Thursday, July 23, 2009

Q&A with a Potential Entrepreneur - Intellectual Property


Recently someone who was considering hanging out his consulting shingle after a long career in corporate America contacted me with questions regarding intellectual property protection.

With the economy in the doldrums and unemployment at a such a high rate, I thought a general version of the questions might be useful to anyone else thinking about starting his or her own business.

Q: What does it mean by a $45 filing fee for copyright? Filed with what entity?

A: It is not required to register copyrightable works with the U.S. Copyright Office. You have a copyright in your work at the moment in it created (fixed in a tangible form). There are benefits to registering such as a record of the date of creation of your work and damages that are set by statute (you don't have to prove specific damages) plus the right to attorney's fees if you win your infringement case and the copyright infringement occurs after registration. Copyright registration is easy and only costs $45/work or $35 if you file online.

Q: Can I copyright the business model I created when I worked at with my last employer?
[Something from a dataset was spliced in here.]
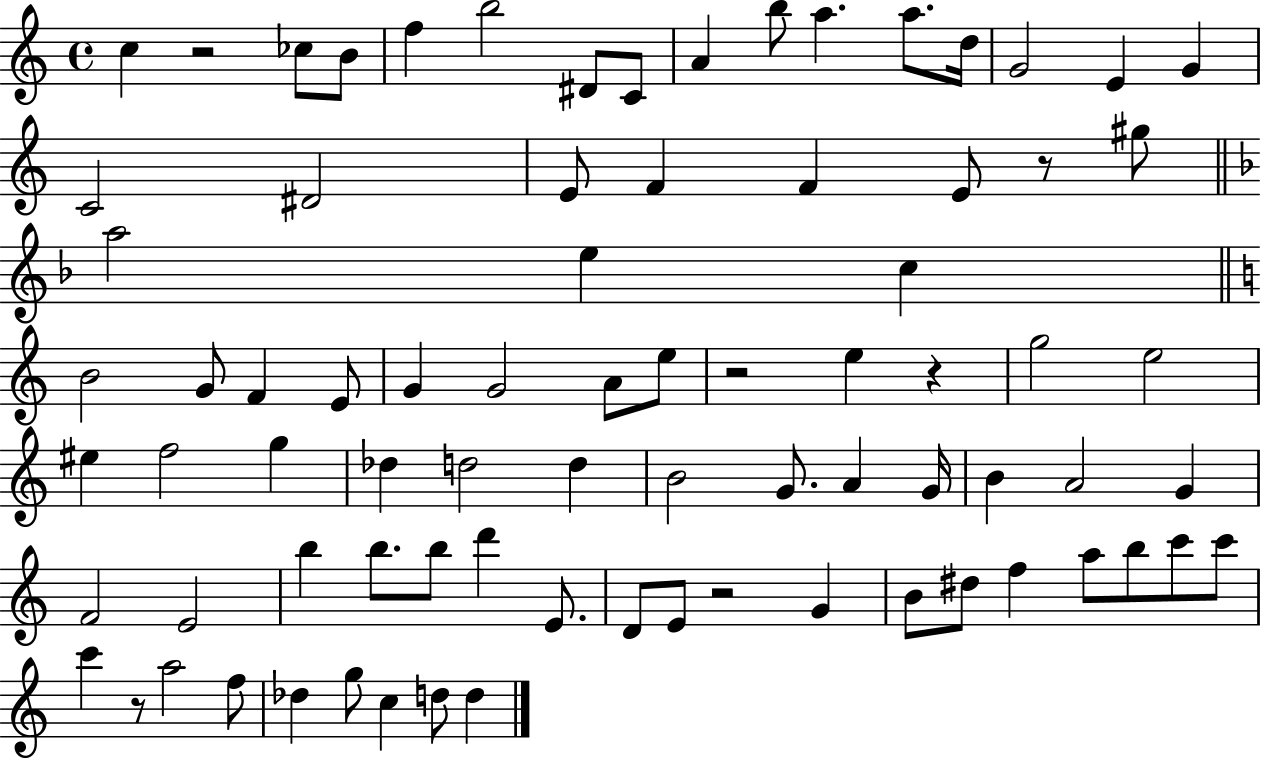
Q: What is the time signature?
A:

A: Unfortunately, a business method, itself, cannot be protected by copyright. Any presentations, reports or descriptions of the method are copyrightable by your employer.

Q: But my employer did not have me sign any agreement giving them the rights to any Intellectual Property I created while working there. So it is my property, isn’t it?

A: Under copyright law, any copyrightable work that is created and fixed in a tangible form (e.g., written down) during the course of your full-time employment is a "work made for hire" and is owned by your employer. The law is very clear on this point.

Patent law is less clear in an employment situation. Under patent law, the employee-inventor is considered to be the first owner of any patent rights. In theory, an employee must assign his/her invention to an employer for the employer to have any rights in the invention (including the right to obtain a patent). In practice, even in the absence of such an express assignment, an implied assignment is often deemed to exist, where an invention was made "in the course of employment". The courts have interpreted "in the course of employment" on the facts of each case. Some of the factors tending to support an implied assignment include:

* inventor is a director or an officer of the company;
* use of company funds or equipment to do R & D on the invention;
* development (e.g. software) done on company time;
* inventor was hired in research, engineering, or experimental capacity.

So, in most cases, if something was created or invented on the job, your employer owns the rights to it.

However, employers cannot claim ownership in generalized know-how, ideas, and concepts-"residual knowledge"-that evolve during the working relationship and that exist in intangible form mostly in the memories of the employees. You won't violate your formers employer’s rights if you can recreate your business method without copying any work you created during your employment or violating any confidentiality obligations with your former employer (again using "residual knowledge" is OK as long as you're not disclosing specific, confidential information of your former employer).

Q: Should I file for a copyright or a patent? I have business methods or techniques that I would like to provide as part of a consulting business.

A: Business methods can't be protected under copyright and are expensive and difficult to enforce under patent laws in the U.S. The Supreme Court is going to hear a case (the Bilski case) on the patent-ability of business methods next term. This is the first patent case heard by the Supreme Court in over 20 years. The status of business method patents is uncertain because of this case.

Many successful consulting companies don't rely on patent or copyrights laws to protect their "methodologies". They utilize trade secret laws in each state by requiring that each client sign a confidentiality agreement before disclosing any of their methods. You could have trouble enforcing a confidentiality agreement if your methods have been disclosed previously without an obligation of confidentiality. However, any improvements you make to your business method can be treated as a trade secret or confidential information. There is a nice, basic description of trade secrets here.

Finally, any report templates, questionnaires or consulting tools that you create to support your consulting business can be copyrighted and protected as a trade secret. Which leads me back to your first question on copyright registration - you are required to deposit a copy of your work with the copyright office when you register it. You may be able to redact portions of the item when deposited if is confidential. Another option is to forgo registration altogether (and the benefits of registration) if the work contains confidential information. You still have copyrights in the work and can rely on trade secret protection with the use of a confidentiality agreement.